很遗憾,我无法提供一个简单的可重现示例。
#######################################
## method = "fREML", discrete = TRUE ##
#######################################
Family: binomial
Link function: logit
Formula:
ObsOrRand ~ s(Var1, k = 3) + s(RandomVar, bs = "re")
Parametric coefficients:
Estimate Std. Error z value Pr(>|z|)
(Intercept) -5.0026 0.2199 -22.75 <2e-16
Approximate significance of smooth terms:
edf Ref.df Chi.sq p-value
s(Var1) 1.00 1.001 17.54 2.82e-05
s(RandomVar) 16.39 19.000 145.03 < 2e-16
R-sq.(adj) = 0.00349 Deviance explained = 3.57%
fREML = 2.8927e+05 Scale est. = 1 n = 312515
########################################
## method = "fREML", discrete = FALSE ##
########################################
Family: binomial
Link function: logit
Formula:
ObsOrRand ~ s(Var1, k = 3) + s(RandomVar, bs = "re")
Parametric coefficients:
Estimate Std. Error z value Pr(>|z|)
(Intercept) -4.8941 0.2207 -22.18 <2e-16
Approximate significance of smooth terms:
edf Ref.df Chi.sq p-value
s(Var1) 1.008 1.016 17.44 3.09e-05
s(RandomVar) 16.390 19.000 144.86 < 2e-16
R-sq.(adj) = 0.00349 Deviance explained = 3.57%
fREML = 3.1556e+05 Scale est. = 1 n = 312515
#####################################################
## method = "REML", discrete method not applicable ##
#####################################################
Family: binomial
Link function: logit
Formula:
ObsOrRand ~ s(Var1, k = 3) + s(RandomVar, bs = "re")
Parametric coefficients:
Estimate Std. Error z value Pr(>|z|)
(Intercept) -4.8928 0.2205 -22.19 <2e-16
Approximate significance of smooth terms:
edf Ref.df Chi.sq p-value
s(Var1) 1.156 1.278 16.57 8.53e-05
s(RandomVar) 16.379 19.000 142.60 < 2e-16
R-sq.(adj) = 0.0035 Deviance explained = 50.8%
-REML = 3.1555e+05 Scale est. = 1 n = 312515
这个问题可以追溯到 mgcv_1.8-23
。它的 changlog 阅读:
* bam extended family extension had introduced a bug in null deviance
computation for Gaussian additive case when using methods other than fREML
or GCV.Cp. Fixed.
现在发现补丁对高斯情况是成功的,但对非高斯情况却不是。
让我先提供一个可重现的例子,因为你的问题没有。
set.seed(0)
x <- runif(1000)
## the linear predictor is a 3rd degree polynomial
p <- binomial()$linkinv(0.5 + poly(x, 3) %*% rnorm(3) * 20)
## p is well spread out on (0, 1); check `hist(p)`
y <- rbinom(1000, 1, p)
library(mgcv)
#Loading required package: nlme
#This is mgcv 1.8-24. For overview type 'help("mgcv-package")'.
fREML <- bam(y ~ s(x, bs = 'cr', k = 8), family = binomial(), method = "fREML")
REML <- bam(y ~ s(x, bs = 'cr', k = 8), family = binomial(), method = "REML")
GCV <- bam(y ~ s(x, bs = 'cr', k = 8), family = binomial(), method = "GCV.Cp")

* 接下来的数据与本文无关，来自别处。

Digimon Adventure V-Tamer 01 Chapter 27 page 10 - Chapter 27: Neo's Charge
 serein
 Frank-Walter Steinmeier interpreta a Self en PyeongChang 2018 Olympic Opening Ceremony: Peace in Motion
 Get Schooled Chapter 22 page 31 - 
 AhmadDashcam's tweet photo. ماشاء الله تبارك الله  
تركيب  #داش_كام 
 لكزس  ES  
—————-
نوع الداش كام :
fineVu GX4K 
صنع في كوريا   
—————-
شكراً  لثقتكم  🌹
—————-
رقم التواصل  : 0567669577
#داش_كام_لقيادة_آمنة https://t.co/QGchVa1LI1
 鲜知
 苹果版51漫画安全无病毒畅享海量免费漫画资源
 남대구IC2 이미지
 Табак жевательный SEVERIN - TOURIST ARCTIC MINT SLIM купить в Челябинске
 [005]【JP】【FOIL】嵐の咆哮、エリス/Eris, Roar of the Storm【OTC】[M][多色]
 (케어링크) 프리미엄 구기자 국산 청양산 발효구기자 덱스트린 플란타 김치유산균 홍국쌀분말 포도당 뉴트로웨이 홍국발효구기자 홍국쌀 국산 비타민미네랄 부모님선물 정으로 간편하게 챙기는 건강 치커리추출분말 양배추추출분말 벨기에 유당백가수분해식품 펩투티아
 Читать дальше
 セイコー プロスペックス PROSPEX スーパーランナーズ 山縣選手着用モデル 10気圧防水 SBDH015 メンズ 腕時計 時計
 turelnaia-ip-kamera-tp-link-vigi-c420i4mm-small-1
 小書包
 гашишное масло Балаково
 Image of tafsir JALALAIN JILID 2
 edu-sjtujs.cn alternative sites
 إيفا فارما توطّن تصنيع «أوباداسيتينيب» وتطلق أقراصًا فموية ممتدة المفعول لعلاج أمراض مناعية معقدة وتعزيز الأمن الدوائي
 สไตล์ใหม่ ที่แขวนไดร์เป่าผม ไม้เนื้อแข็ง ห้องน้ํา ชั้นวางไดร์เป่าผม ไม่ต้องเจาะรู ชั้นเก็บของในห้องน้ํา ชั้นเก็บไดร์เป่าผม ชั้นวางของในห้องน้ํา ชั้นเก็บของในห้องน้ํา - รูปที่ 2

## explained.deviance = (null.deviance - deviance) / null.deviance
## so in this example we get negative explained deviance for "REML" method
unlist(REML[c("null.deviance", "deviance")])
#null.deviance deviance
# 181.7107 1107.5241
unlist(fREML[c("null.deviance", "deviance")])
#null.deviance deviance
# 1357.936 1107.524
unlist(GCV[c("null.deviance", "deviance")])
#null.deviance deviance
# 1357.936 1108.108
Null deviance 不能小于 deviance(TSS 不能小于 RSS),所以 bam
的 "REML" 方法在这里无法 return 正确的 Null deviance。
我已经在 mgcv_1.8-24/R/bam.r
的第 1350 行找到了问题:
object$family <- object$fitted.values <- NULL
其实应该是
object$null.deviance <- object$fitted.values <- NULL
对于 "GCV.Cp" 和 "fREML" 以外的方法,bam
依赖于 gam
进行估计,在将大型 n x p
模型矩阵缩减为 p x p
矩阵(n
:数据个数;p
:系数个数)。由于这个新模型矩阵没有自然解释,许多 return 由 gam
编辑的量应该无效(除了估计的平滑参数)。 Simon 把 family
.
我构建了一个补丁版本,结果修复了这个错误。我会告诉西蒙在下一个版本中修复它。